> What the task asks
Below are lines of data, and only some are wanted. Please repeat exactly those from the line that has "Toyota Hiace 2002" through the line that has "Női Casio karóra".
─── The input ───
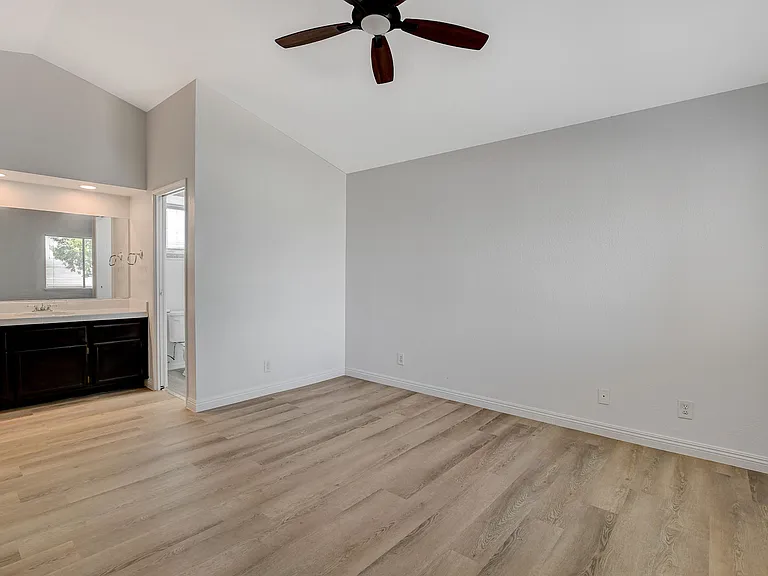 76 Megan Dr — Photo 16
───
─── The input ───
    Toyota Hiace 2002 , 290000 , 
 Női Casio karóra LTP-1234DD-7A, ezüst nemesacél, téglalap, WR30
───
─── The input ───
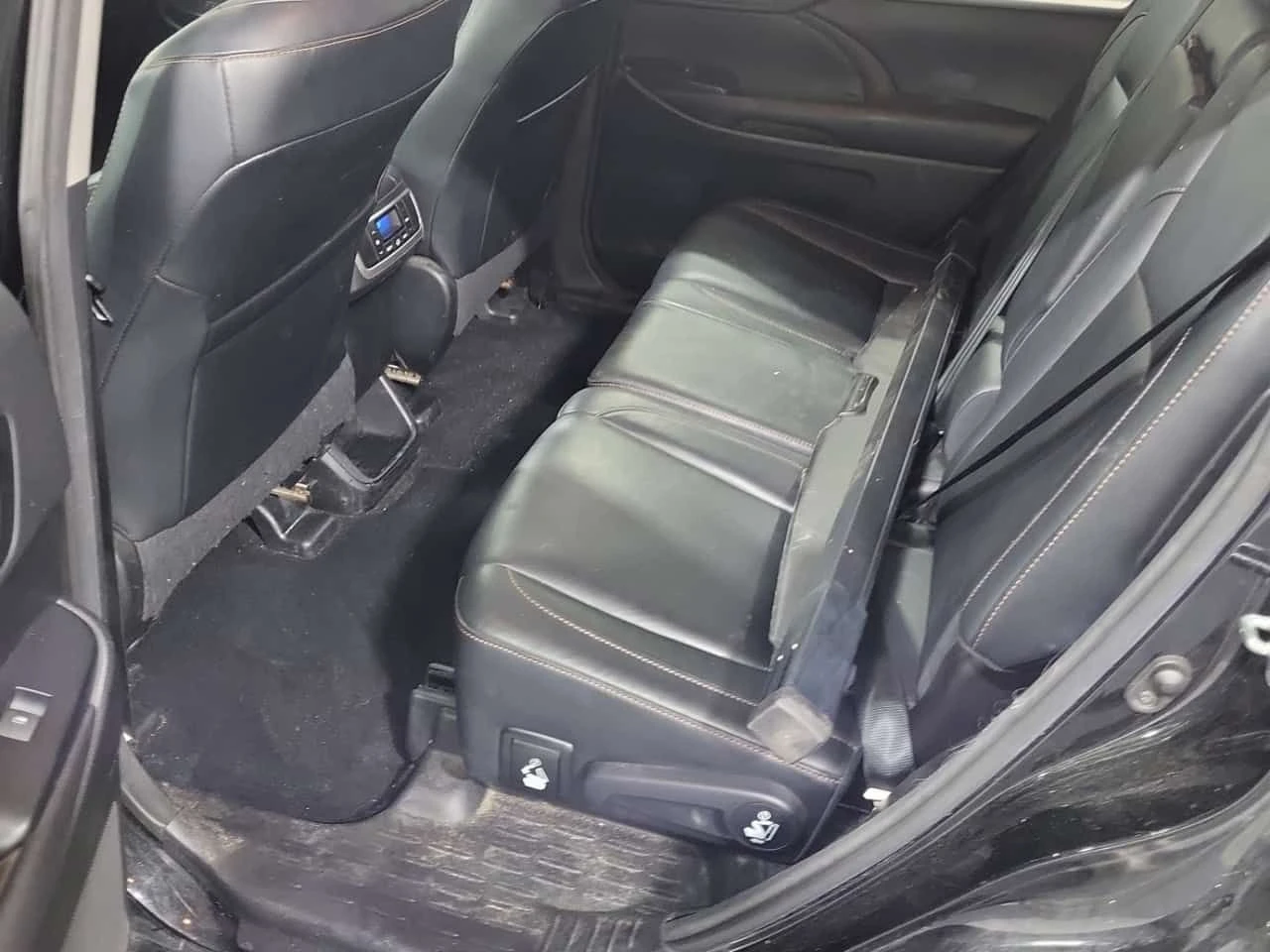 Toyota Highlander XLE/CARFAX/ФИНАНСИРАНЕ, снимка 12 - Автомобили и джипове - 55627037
───
> Written answer
    Toyota Hiace 2002 , 290000 , 
 Női Casio karóra LTP-1234DD-7A, ezüst nemesacél, téglalap, WR30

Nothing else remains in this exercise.